A modular framework to gather file information for SBOM generation and dependency analysis.
Surfactant can be used to gather information from a set of files to generate an SBOM, along with manipulating SBOMs and analyzing the information in them. It pulls information from recognized file types (such as PE, ELF, or MSI files) contained within a directory structure corresponding to an extracted software package. By default, the information is "surface-level" metadata contained in the files that does not require running the files or decompilation.
- Create a virtual environment with python >= 3.8 [Optional, but recommended]
python -m venv cytrics_venv
source cytrics_venv/bin/activate
- Install Surfactant with pip
pip install surfactant
- Create a virtual environment with python >= 3.8 [Optional, but recommended]
python -m venv cytrics_venv
source cytrics_venv/bin/activate
- Clone sbom-surfactant
git clone [email protected]:LLNL/Surfactant.git
- Create an editable surfactant install (changes to code will take effect immediately):
pip install -e .
To install optional dependencies required for running pytest and pre-commit:
pip install -e ".[test,dev]"
In order to test out surfactant, you will need a sample file/folder. If you don't have one on hand, you can download and use the portable .zip file from https://github.com/ShareX/ShareX/releases or the Linux .tar.gz file from https://github.com/GMLC-TDC/HELICS/releases. Alternatively, you can pick a sample from https://lc.llnl.gov/gitlab/cir-software-assurance/unpacker-to-sbom-test-files
A configuration file contains the information about the sample to gather information from. Example JSON configuration files can be found in the examples folder of this repository.
extractPaths: (required) the absolute path or relative path from location of current working directory that surfactant
is being run from to the sample folders, cannot be a file (Note that even on Windows, Unix style /
directory separators should be used in paths)
archive: (optional) the full path, including file name, of the zip, exe installer, or other archive file that the folders in extractPaths were extracted from.
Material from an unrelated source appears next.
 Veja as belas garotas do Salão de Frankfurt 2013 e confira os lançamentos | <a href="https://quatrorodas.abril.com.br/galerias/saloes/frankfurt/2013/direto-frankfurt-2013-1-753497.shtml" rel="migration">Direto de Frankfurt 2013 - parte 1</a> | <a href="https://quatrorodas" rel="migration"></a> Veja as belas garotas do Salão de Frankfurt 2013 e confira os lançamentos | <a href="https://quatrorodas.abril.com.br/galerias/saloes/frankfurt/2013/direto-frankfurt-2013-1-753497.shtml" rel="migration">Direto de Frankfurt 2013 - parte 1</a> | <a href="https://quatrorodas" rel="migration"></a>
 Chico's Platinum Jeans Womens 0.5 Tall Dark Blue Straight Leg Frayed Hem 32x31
This is used to collect metadata about the overall sample and will be added as a "Contains" relationship to all software entries found in the various extractPaths
installPrefix: (optional) where the files in extractPaths would be if installed correctly on an actual system i.e. "C:/", "C:/Program Files/", etc (Note that even on Windows, Unix style /
directory separators should be used in the path)
Lets say you have a .tar.gz file that you want to run surfactant on. For this example, we will be using the HELICS release .tar.gz example. In this scenario, the absolute path for this file is /home/samples/helics.tar.gz
. Upon extracting this file, we get a helics folder with 4 sub-folders: bin, include, lib64, and share.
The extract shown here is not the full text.